## WORK TASK
Your task is to copy the listing exactly, with the pictures left out.

****************

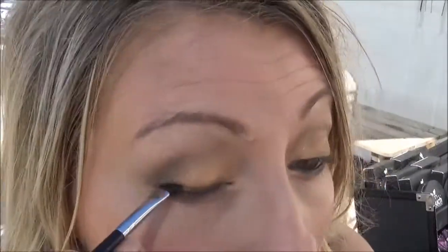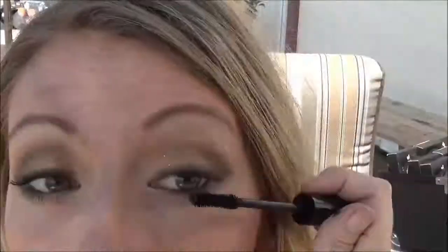Now I'm going to use a liner brush with a pigment called Corrupted to line my lash line on the top. You can do this wet if you want to — I'm doing it dry just because I like a little bit more smoky look to it. To finish the look off, you're going to want some mascara. I use unique 3D fiber lashes and a lash comb. So there you go, fabulous girls — a totally smoked out golden eye. Talk to you later!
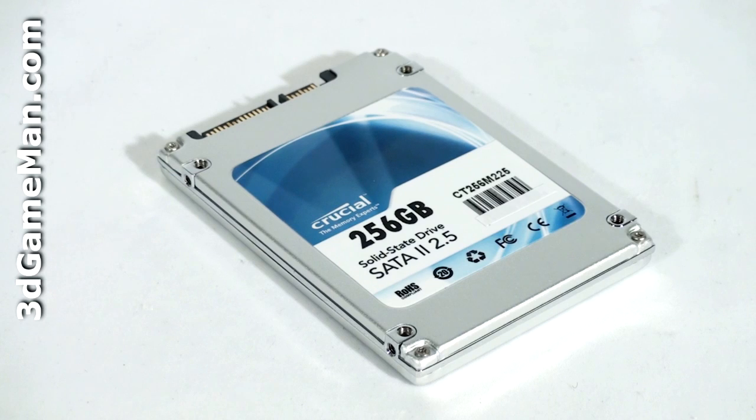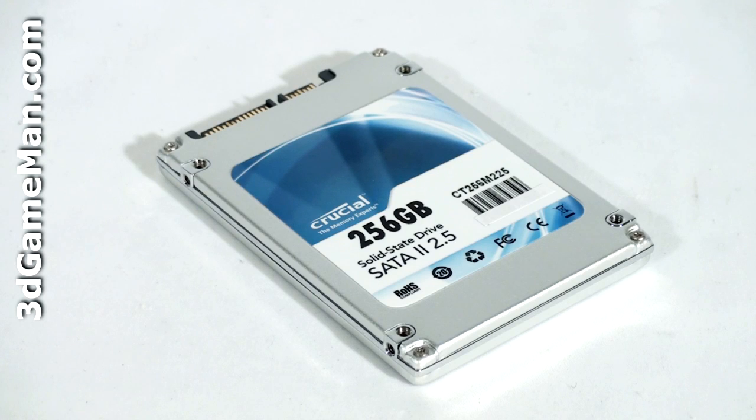Solid-state drives have been around since 1978, developed by a company called Storage Tech. Solid-state drives are very similar to USB drives or any type of flash or compact memory, like for example the memory that goes into your camera.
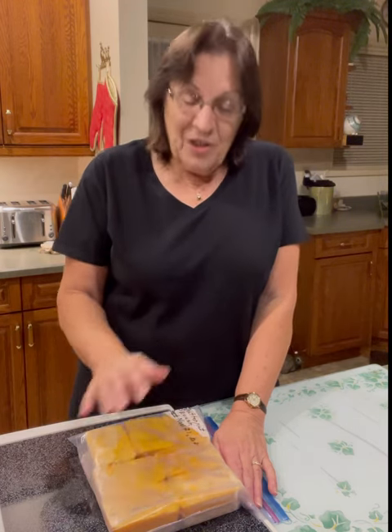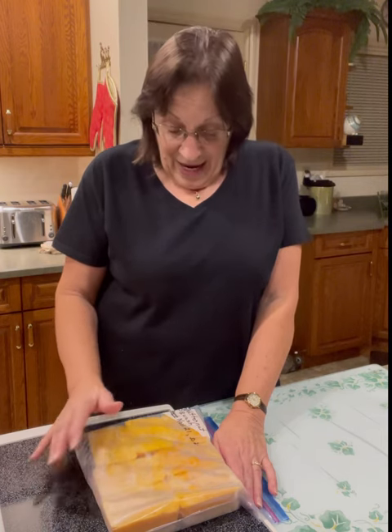I hope that was helpful to you guys. I'm going to sign off now — you guys take care and stay safe. Bye!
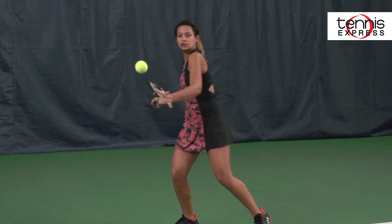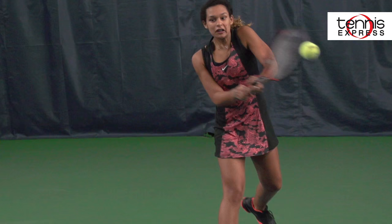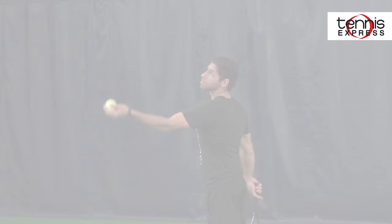Upon hitting with this racket, I found that I was having to slow my swing down more than I normally would have to. The added power to this racket wasn't too different from how I normally would hit. I did think I was able to spin the ball more than normal. Even though this racket wasn't my favorite, I thought that I was still able to keep the ball in when I needed to.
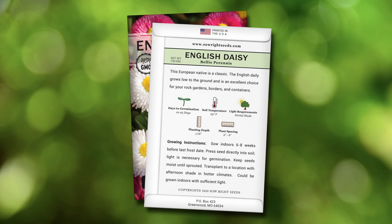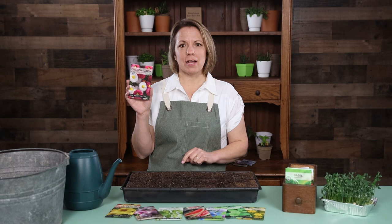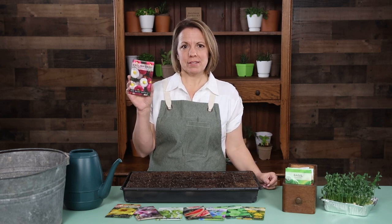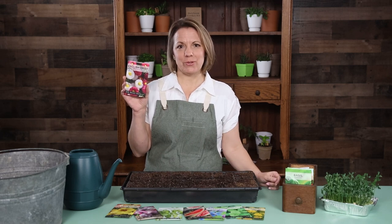The back of the packet has detailed growing instructions. Transplant in a location with afternoon shade in hotter climates. Too much heat can lead to a decline in blooms. Add English Daisy to your garden and enjoy its classic beauty.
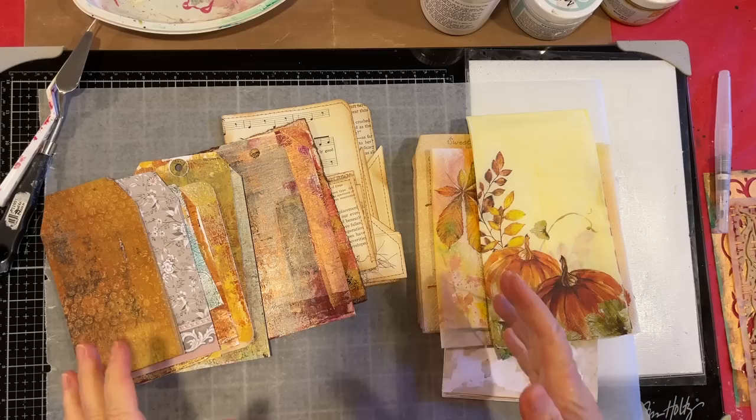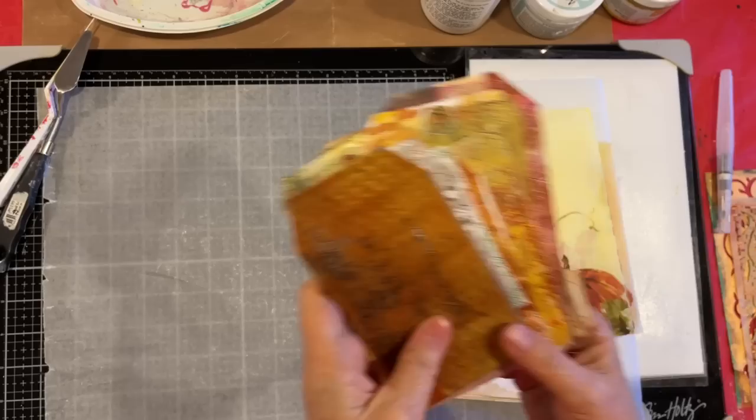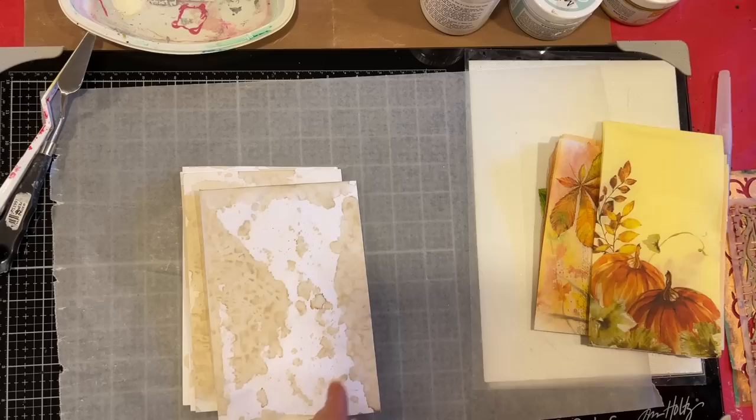I want to do some stenciling and stuff — we will do that with some various pastes in a minute. I've got a variety of different things that I want to stencil on. I'm going to put those aside for a second though, because I want to include some envelopes in the signatures of my fall journals.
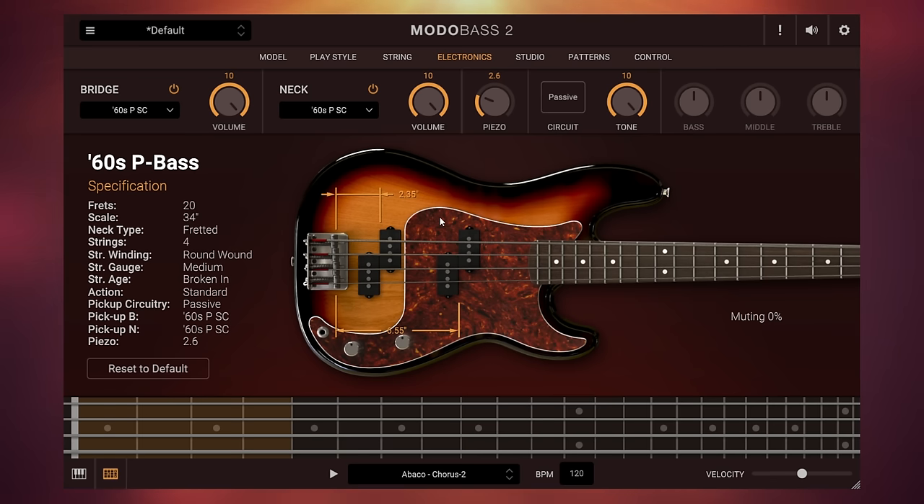When you think about it, the fact that we can move these pickups around and instantly get a different sound means this is really much more versatile in some ways than a real bass guitar. You can do these things on a real bass guitar, but you'd have to get a screwdriver out, some other carpentry tools, move it around — it takes time and you could damage things along the way. That's why I say this virtual instrument is in some ways more versatile than a real bass guitar.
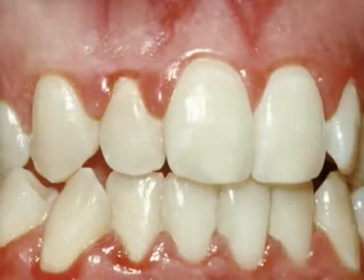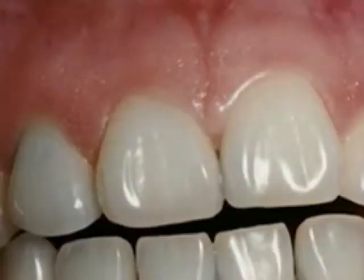Scaling and root planing removes the source of infection, helps your gums heal and tighten around the teeth, and gives you back your healthy smile.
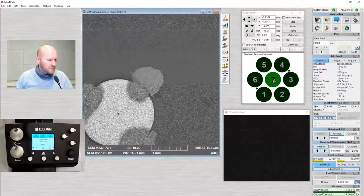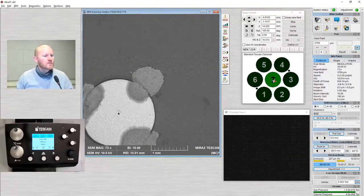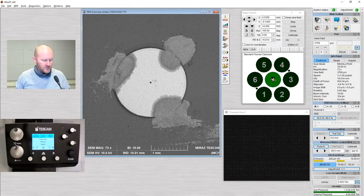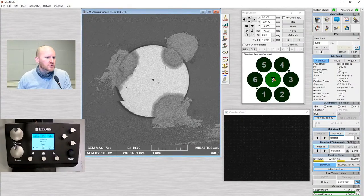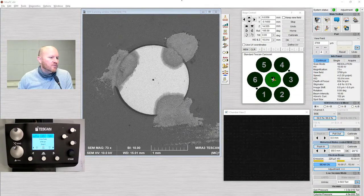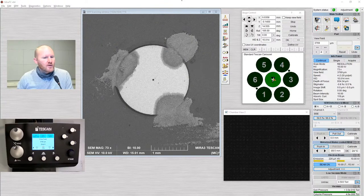I can also do X-ray maps to look at the spatial distribution. I'm actually not going to do that today. If you have interest in collecting spectral maps, line profiles, or doing quantification, that's something we'll talk about offline.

****************

## COMPLETED EXERCISE
Now I'm going to use a liner brush with a pigment called Corrupted to line my lash line on the top. You can do this wet if you want to — I'm doing it dry just because I like a little bit more smoky look to it. To finish the look off, you're going to want some mascara. I use unique 3D fiber lashes and a lash comb. So there you go, fabulous girls — a totally smoked out golden eye. Talk to you later!
Solid-state drives have been around since 1978, developed by a company called Storage Tech. Solid-state drives are very similar to USB drives or any type of flash or compact memory, like for example the memory that goes into your camera.
I hope that was helpful to you guys. I'm going to sign off now — you guys take care and stay safe. Bye!
Upon hitting with this racket, I found that I was having to slow my swing down more than I normally would have to. The added power to this racket wasn't too different from how I normally would hit. I did think I was able to spin the ball more than normal. Even though this racket wasn't my favorite, I thought that I was still able to keep the ball in when I needed to.
The back of the packet has detailed growing instructions. Transplant in a location with afternoon shade in hotter climates. Too much heat can lead to a decline in blooms. Add English Daisy to your garden and enjoy its classic beauty.
I want to do some stenciling and stuff — we will do that with some various pastes in a minute. I've got a variety of different things that I want to stencil on. I'm going to put those aside for a second though, because I want to include some envelopes in the signatures of my fall journals.
When you think about it, the fact that we can move these pickups around and instantly get a different sound means this is really much more versatile in some ways than a real bass guitar. You can do these things on a real bass guitar, but you'd have to get a screwdriver out, some other carpentry tools, move it around — it takes time and you could damage things along the way. That's why I say this virtual instrument is in some ways more versatile than a real bass guitar.
Scaling and root planing removes the source of infection, helps your gums heal and tighten around the teeth, and gives you back your healthy smile.
I can also do X-ray maps to look at the spatial distribution. I'm actually not going to do that today. If you have interest in collecting spectral maps, line profiles, or doing quantification, that's something we'll talk about offline.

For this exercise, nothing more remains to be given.